The BBC's website for the series also reflected this broader cultural
agenda, by linking to a range
of other sites related to listening — e.g. a permanent link on the series'
homepage to other major
BBC series, such as Open Air (a series of audio interventions by
five artists) and The Listening
Project (a series `to capture the nation in conversation' produced
in collaboration with the BL) and
a rotating menu of other programmes such as In Our Time. A section
of `Related Links' allowed
users to link directly to the BL's Sounds collections and its `Sounds'
blog. The BBC also
commissioned a series of 6 special blogs written by curators at the BL,
discussing the radio
programmes in the broader context of other archives of relevance (see, for
example:
http://www.bbc.co.uk/blogs/radio4/posts/Noise-A-Human-History-Week-3-The-Bells).
Additionally, BBC webpages devoted to each individual episode included
links to archives and
resources of particular relevance to that day's broadcast. BBC data record
312,000 online
requests related to the series [C4]. The BL's curator, Janet Topp-Fargion,
states that during the
series the BL `clearly noticed some spikes in the use of our online sound
collections'. She argues
that the sheer scale and duration of the series was a factor in
stimulating public interest: `it
becomes part of the discourse' [C5 — Topp Fargion, BL].
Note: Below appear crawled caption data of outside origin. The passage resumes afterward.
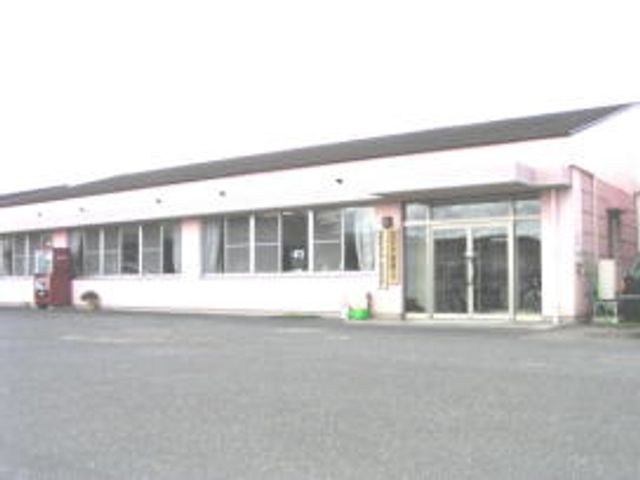 広がるシンプルな外観 外観 シンプルな外観が広がっています。これから働く環境を知るのに役立つでしょう。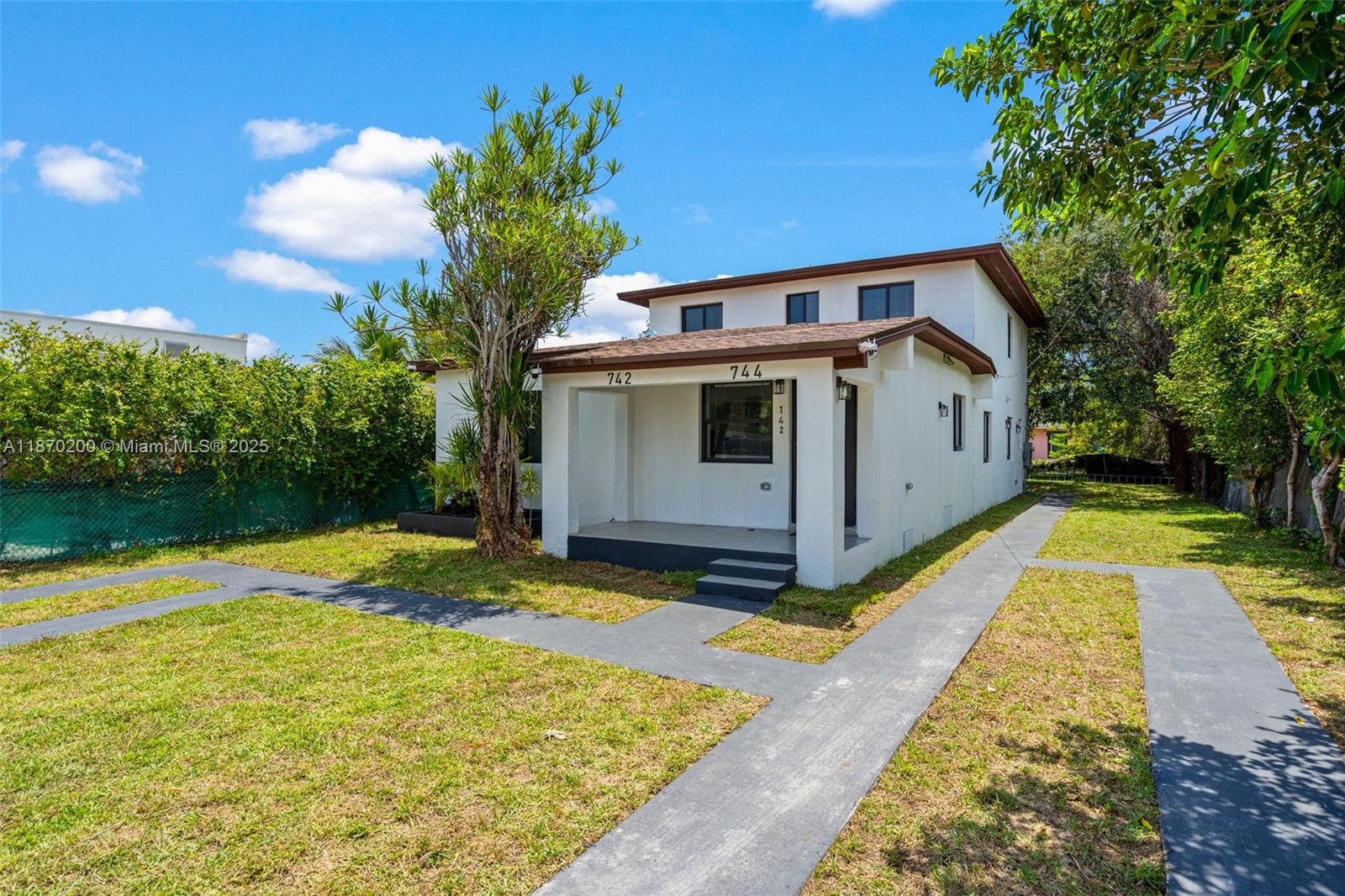 View photos, virtual tours, details... 742 NW 70th St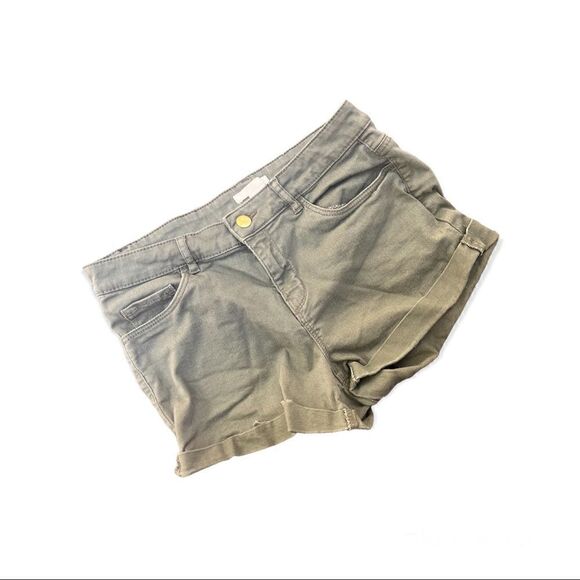 H&M OLIVE GREEN SHORTS SIZE 8 - Picture 1 of 8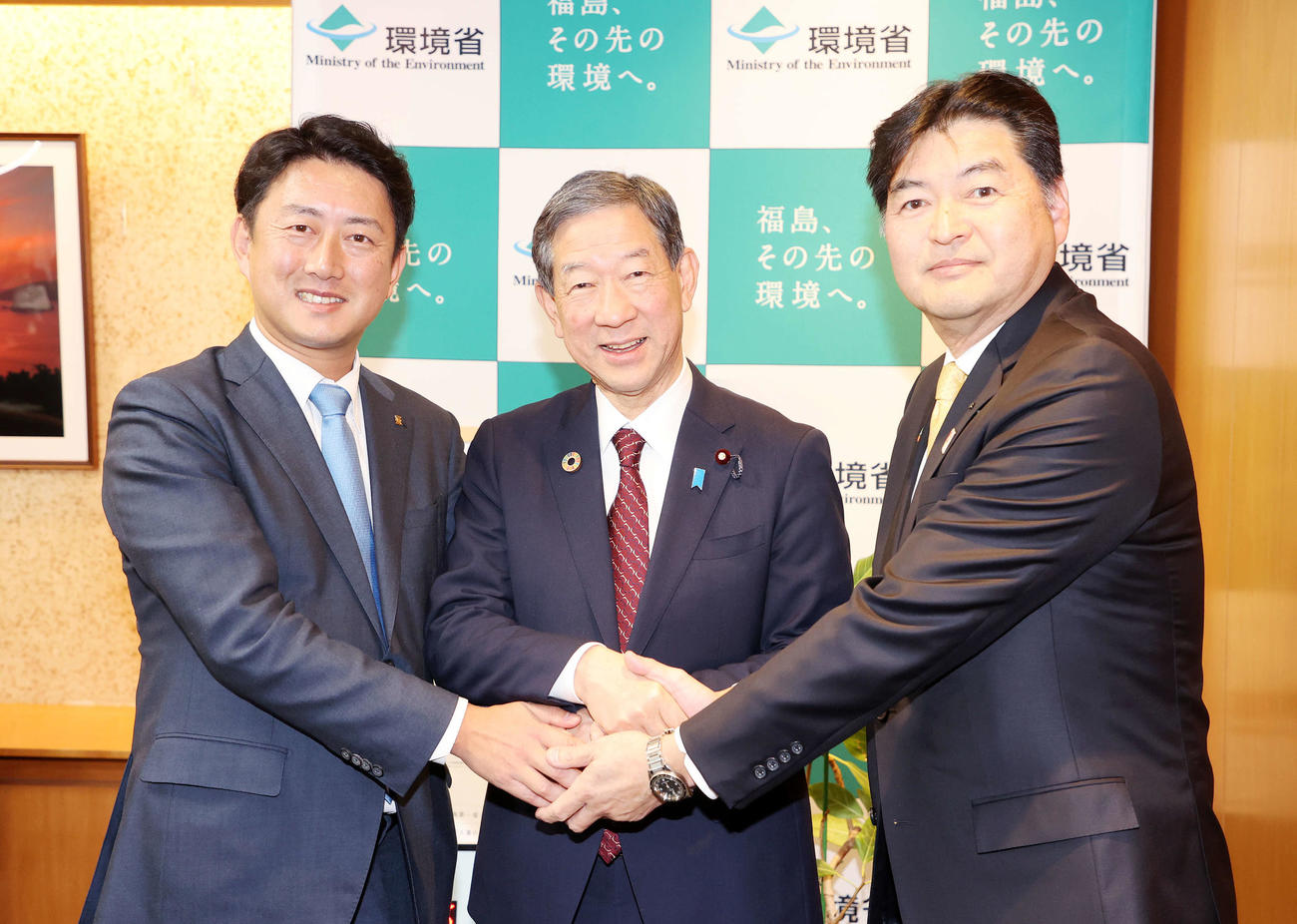 握手して写真に納まる、左から松本尼崎市長、伊藤環境大臣、久須阪神電気鉄道社長（撮影・鈴木正人）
Sources to corroborate the impact
The evidence here has been made available for audit online at http://www.davidhendy.co.uk/ref-data/
[password available upon request]:
C1 Press reviews, and newspaper/online articles by Hendy based on
research;
C2 Radio series audience data;
C3 Correspondence from listeners (including Tweets), and prison
reading-group feedback;
C4 Key references to series/book online, including blogs and radio
interviews;
C5 Interviews with attendees recorded at the British
Library-University of Sussex event on `Sound
Archives and the Listening Public event', BL, 20 May 2013;
C6 Correspondence with Hendy from those named as auditable sources
for main impact claims:
R. Keating, Chief Executive, BL; T. Phillips, Commissioning Editor, BBC
Radio 4, Arts, and
World Service, Documentaries; C. Hutchings, Research Manager, BBC
Marketing and
Audiences; M. Thompson, Director, Rockethouse Productions; T. Machover,
Composer,
Director of Opera of the Future Group, MIT, Boston. (Available for audit).